The Suburbs

Lately, I’ve been quite enamored of a certain street photographer by the name of William Eggleston. Simply, he was a prolific photographer of the 1970s who brought legitimacy to the colored photograph (whereas serious photography was heretofore only done in black and white). His brightly colored photographs feature mundane objects of American suburbia, such as street signs, diners, and cars.

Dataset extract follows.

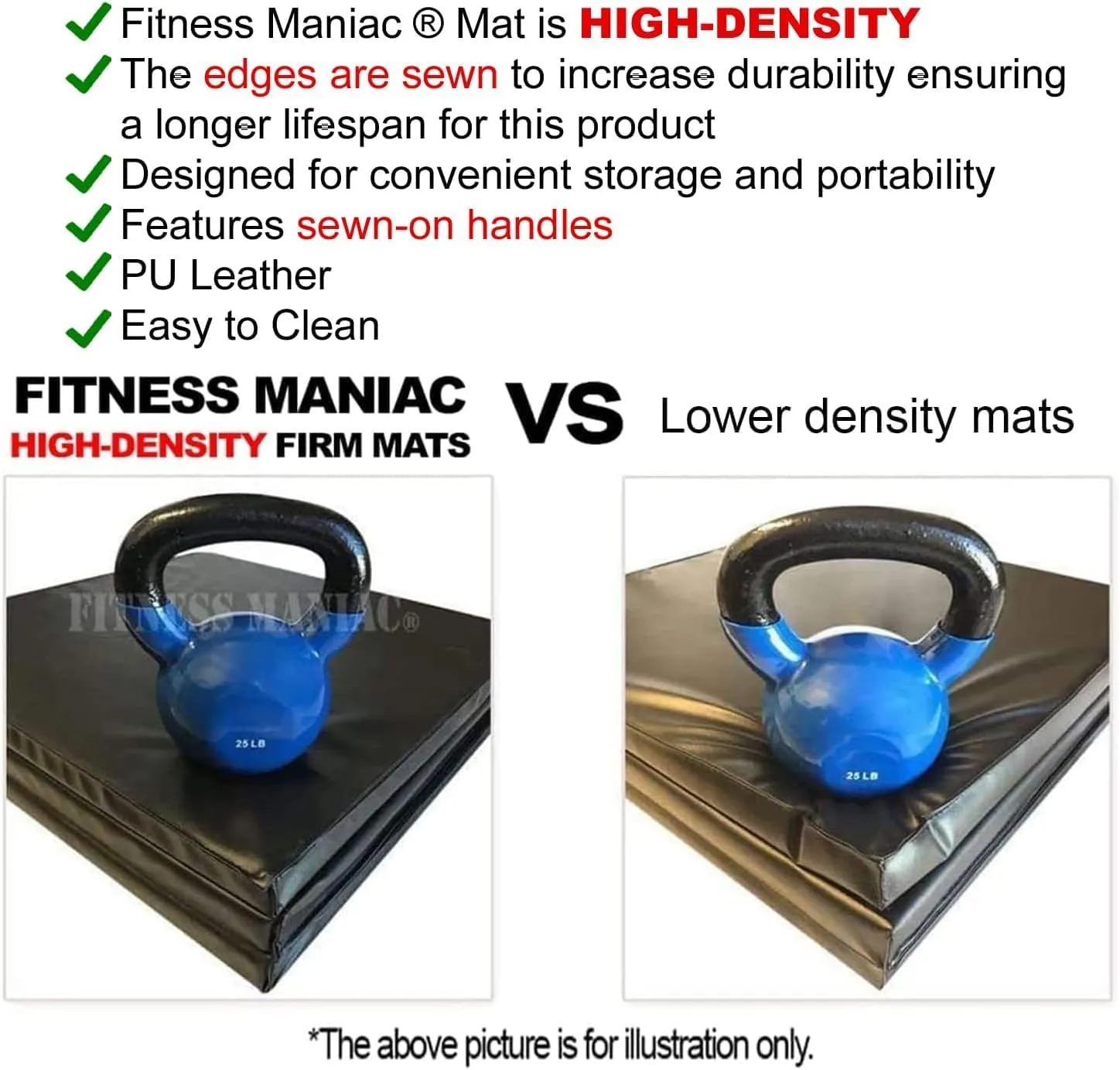 FITNESS MANIAC Black Folding Mat Panel Aerobics Exercise Tumbling Gym Easy Storage Gymnastics Mat Tri-Fold Mats Gym Pad Exercise Pading Ab Mats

Here are a few of his lovely photographs, expertly curated from Google images:

I think I was initially drawn to him because of the brilliant colors of his photographs (I am easily satisfied with colorful things and shiny things and all things simplistic and material) and the American iconography I so identified with. But something about his photography is very impersonal. I have not yet seen an Eggleston portrait. Humans are only allowed in the frame through fragmented pieces of the body, like with the woman’s arm stirring that cup on the plane. There are never faces. His take on suburbia only ever hints at human presence, never directly shows it; and Eggleston’s world seems to be left intentionally empty, materialistic, almost creepy.

I love it all.

This year, I’ve also been heavily influenced by a certain Arcade Fire album (look no further than the title of this post). I don’t know why I hadn’t listened to it very much before; I was quite familiar with Funeral and had liked it very much, but I had never really gotten around to becoming obsessed with their critically-acclaimed third album.

the suburbs

And I think it was the fact that I had left my home in the suburbs and moved across the country to Los Angeles for school that left a shameful (and shamed) part of me longing for…childhood, I guess. Or rather the environment I was surrounded by during my beloved adolescence. So I started listening to The Suburbs, though more closely the second time around, and realized that I absolutely identified with each and every song on the album.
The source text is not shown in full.